President of Awami Workers Party
- In office 2016 – 1 December 2018
- Succeeded by: Yousuf Mustikhan

Chairman of Awami Workers Party
- In office 2012–2016

Personal details
- Born: Fanoos Gujjar 1958 Buner, Khyber Pakhtunkhwa, Pakistan
- Died: December 1, 2018 (aged 59–60) Buner, Khyber Pakhtunkhwa, Pakistan
- Party: Awami Workers Party (2012-2018)
- Other political affiliations: Awami Party Pakistan (1990-2012) National Awami Party (1980-1990)
- Occupation: Politician
- Known for: Founding chairperson and president of the socialist political party, Awami Workers Party

= Fanoos Gujjar =

Pakistani politician (1958–2018)

Fanoos Gujjar (Urdu: فانوس گجر) (1958 - December 1, 2018) was a left-wing Pakistani politician from Buner, Khyber Pakhtunkhwa.
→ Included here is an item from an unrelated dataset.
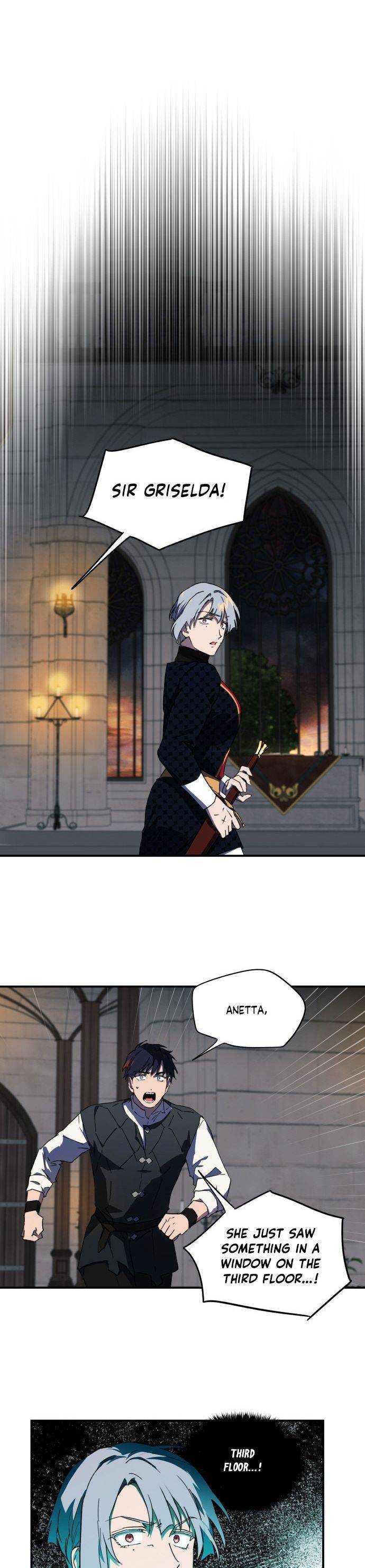 Read The Spark in Your Eyes EN Manga Online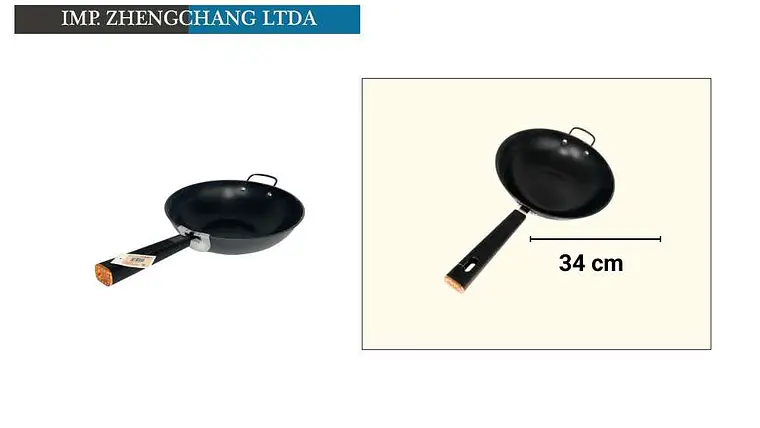 Wok 34cm 1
He was the founding chairperson and president of Awami Workers Party. He spent his life in grass root struggle for the rights of minorities, workers, peasants, women and students.

==Early life and education==
Fanoos was born in 1958 in union council Chagharzai, Buner, Khyber Pakhtunkhwa, in the house of Haji Zafar Khan, in a family of Muslim Gujjars. He received his initial education in the district Buner and graduation from the Buner Government College and later in Lahore.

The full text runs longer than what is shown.